RECORDS PROVIDED START
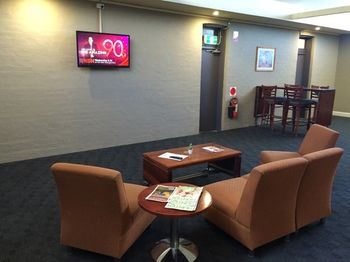 Peden's Hotel - Accommodation in Brisbane 15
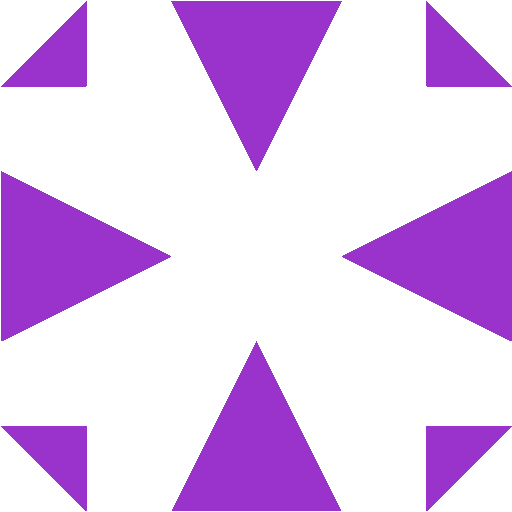 finance-calculator7740/physics-calculator1987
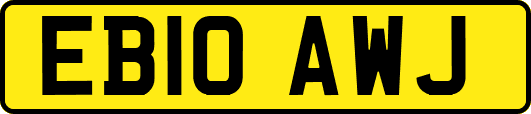 EB10AWJ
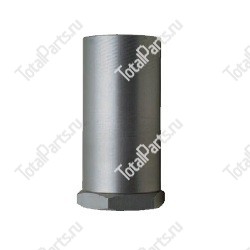 TOTALSOURCE 86490 ГИДРАВЛИЧЕСКИЙ ФИЛЬТР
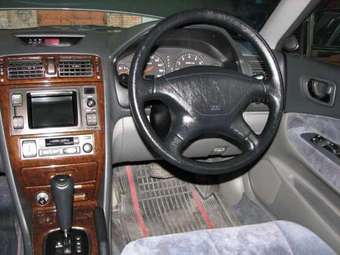 Galant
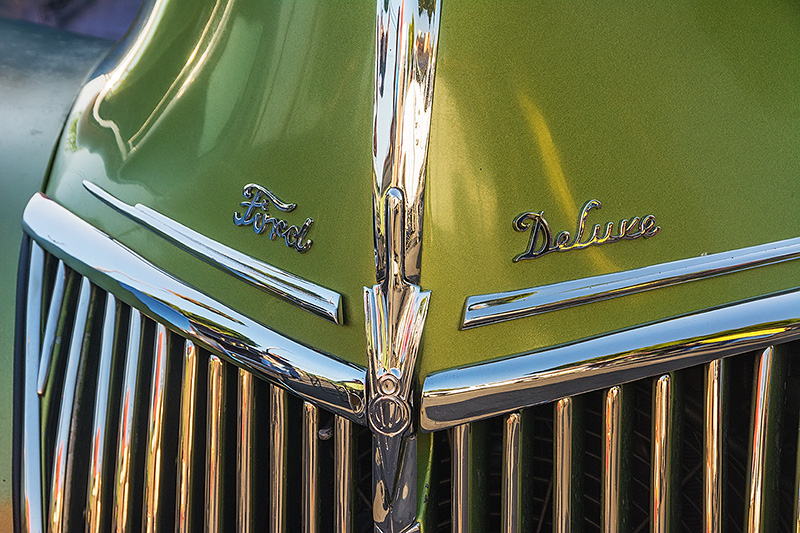 _DSC9714_dw.jpg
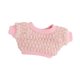 thumbnail image 4 of Accesorio de disfraz de suéter para Muñeca Hugo Ropa para muñecas de 17 cm 15 cm, 4 of 9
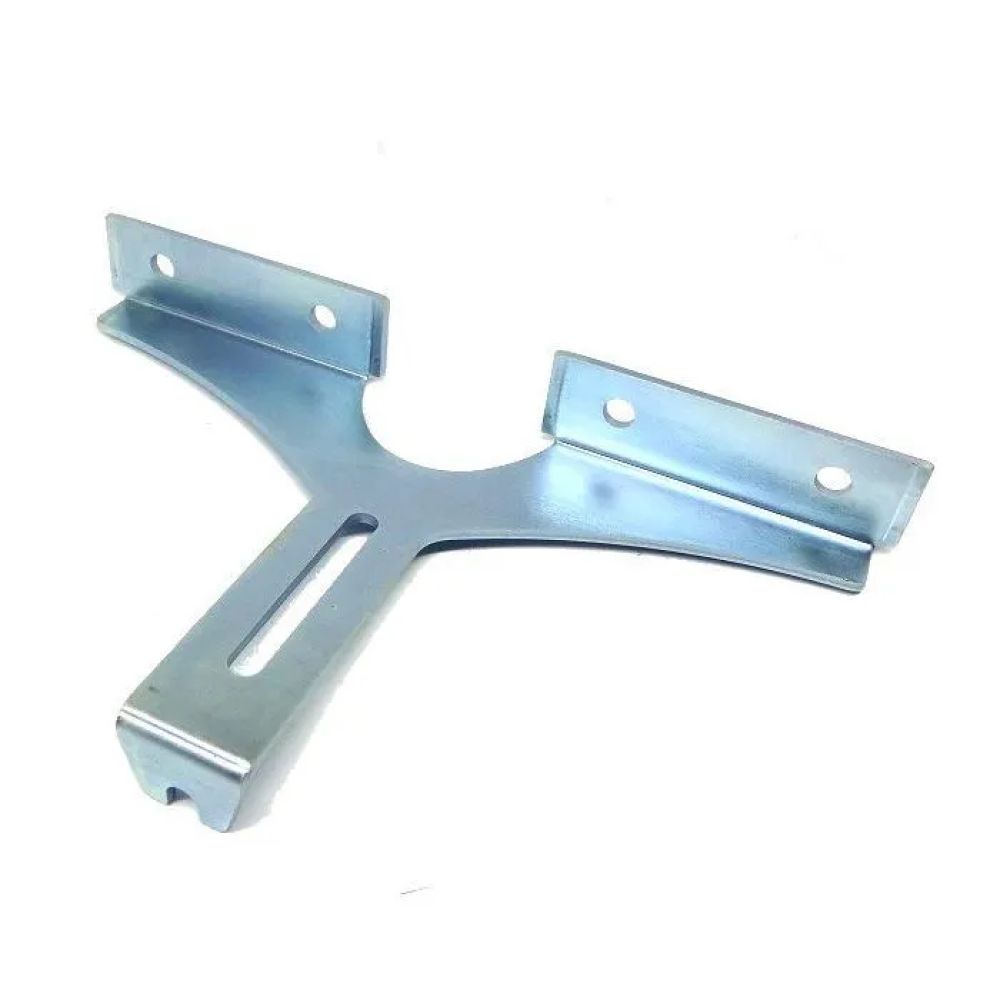 Параллельный упор Makita для фрезеров, 342428-9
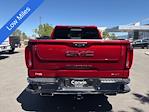 Used 2024 GMC Sierra 1500 SLT Crew Cab 4x4 Pickup for sale #2321405 - photo 27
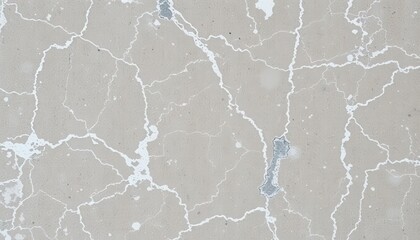 Textured background. Beige surface with white veining creating abstract patterns reminiscent of nature's formations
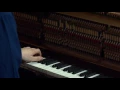 GoGo Penguin live from Old Granada Studios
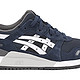 ASICS 亚瑟士 GEL-Lyte III 跑鞋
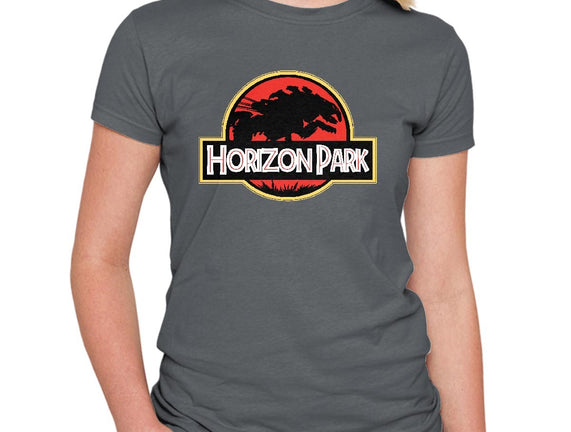 Horizon Park
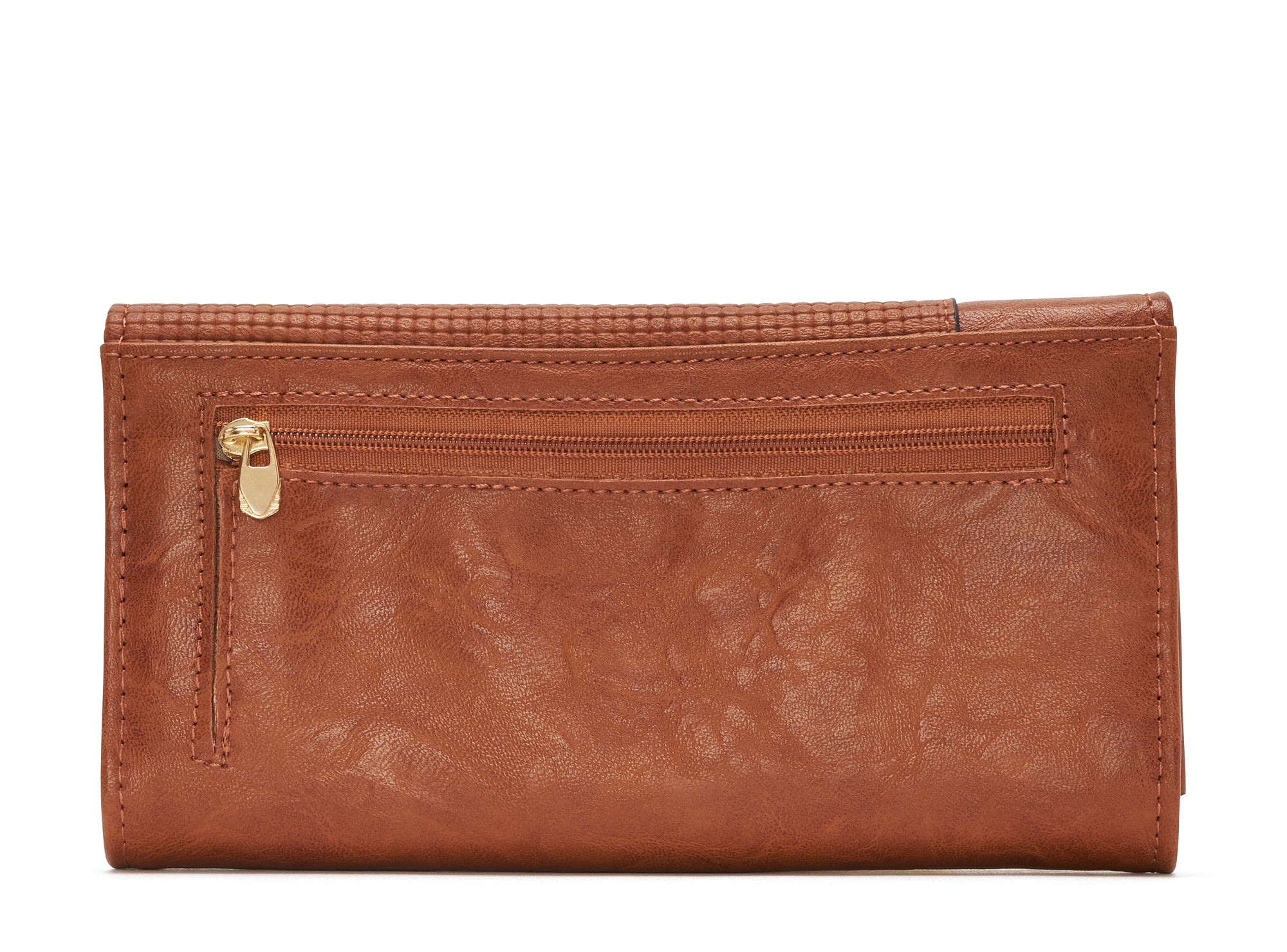 113739-31-DASH_PM-2-Dash-Pm-Women's Wallets | Accessories-Yellow-Yellow Shoes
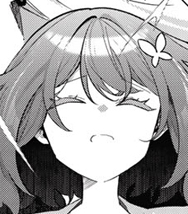 第13話
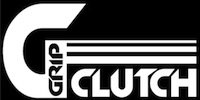 Grip Clutch logo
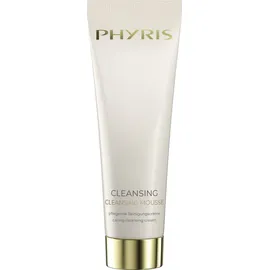 PHYRIS Cleansing Mousse 75 ml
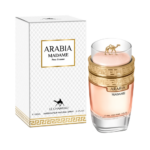 Perfume Emper Arabia Madame EDP 100ml - Femenino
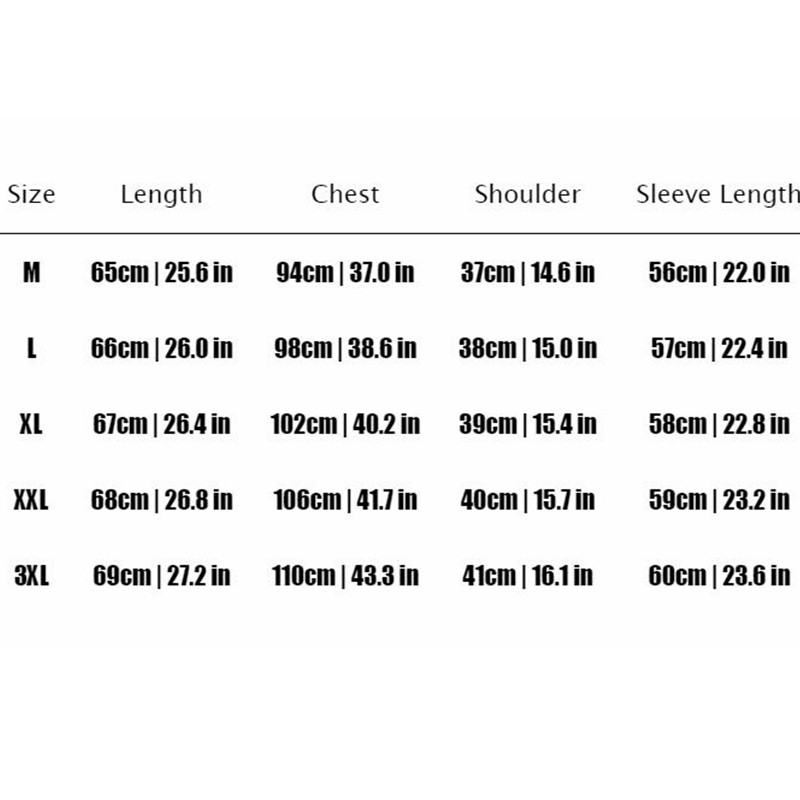 Vintage satenske svilene košulje s prugastim cvjetnim printom Bluze s dugim rukavima Ženske majice Elegantna uska odjeća sa skrivenim gumbima Proljetna jesen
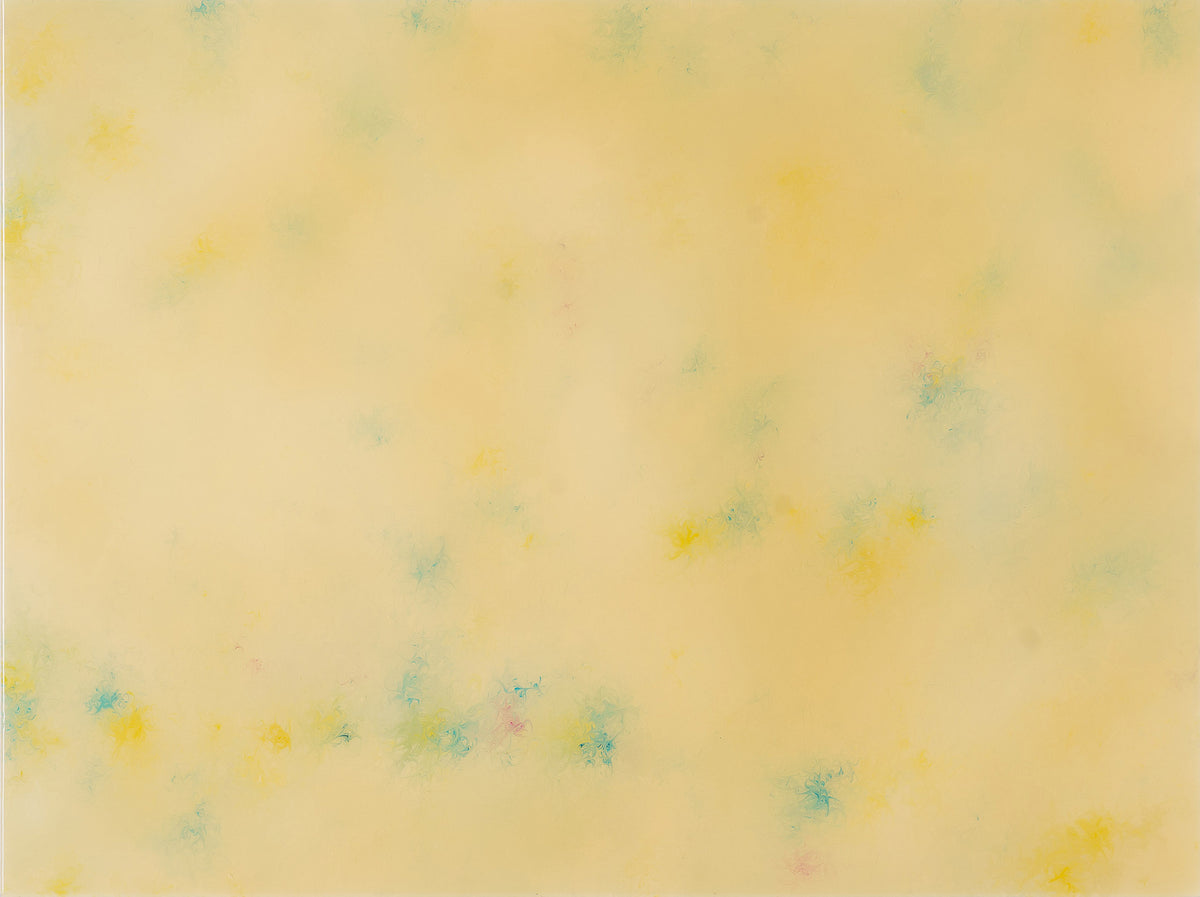 AEC ORI ABS 00094 4 Summer Sky 16 15 (The Infinite Ballet)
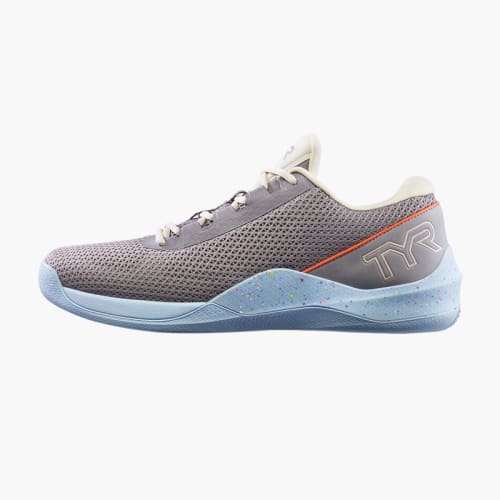 Rogue training shoes 2025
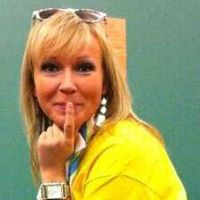 Teresa Mahoney Photo 23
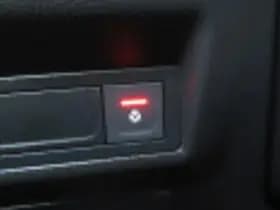 Renault Captur thumbnail 64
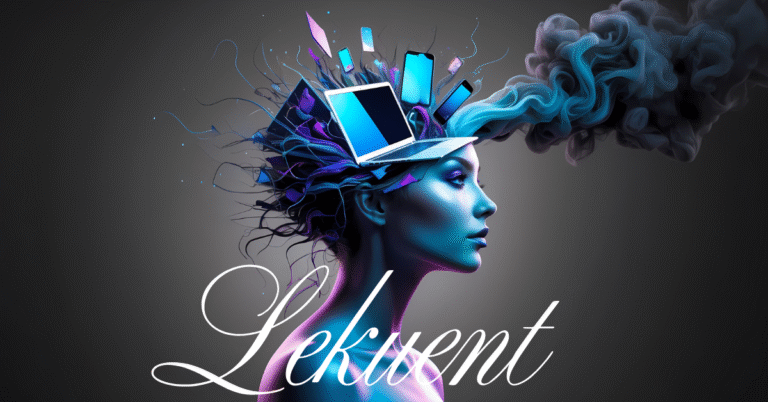 Lekuent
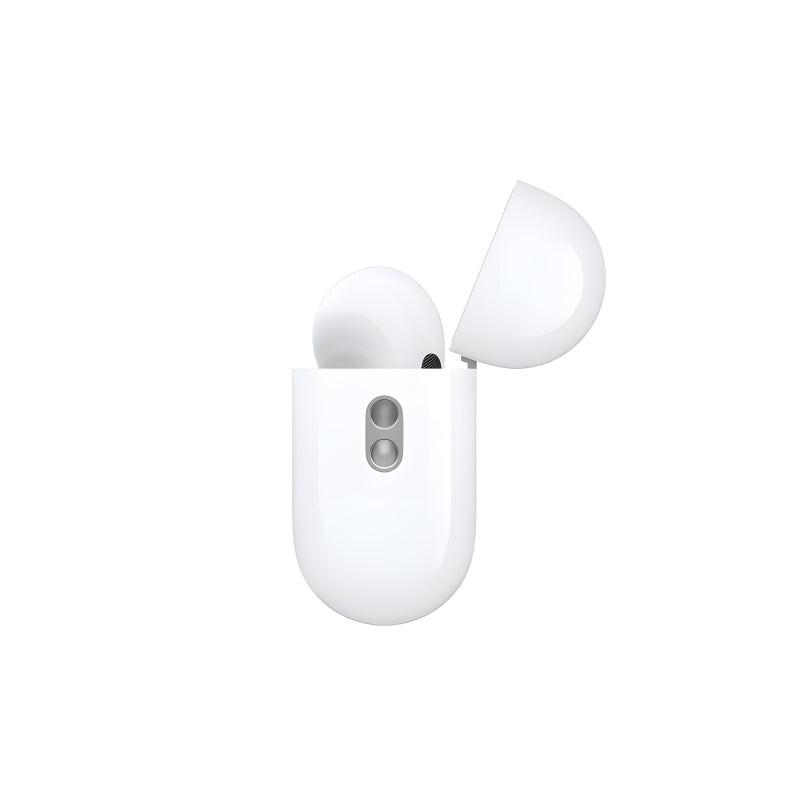 Airpods Pro 2nd Generation With Megasafe Wireless Charging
RECORDS PROVIDED END
▸ WHAT TO PRODUCE: Give back the exact lines above, running from the one that has "Textured background. Beige" through the one that has "PHYRIS Cleansing Mousse 75 ml", with nothing added and no pictures.

▸ ANSWER TO THE PROBLEM:
 Textured background. Beige surface with white veining creating abstract patterns reminiscent of nature's formations
 GoGo Penguin live from Old Granada Studios
 ASICS 亚瑟士 GEL-Lyte III 跑鞋
 Horizon Park
 113739-31-DASH_PM-2-Dash-Pm-Women's Wallets | Accessories-Yellow-Yellow Shoes
 第13話
 Grip Clutch logo
 PHYRIS Cleansing Mousse 75 ml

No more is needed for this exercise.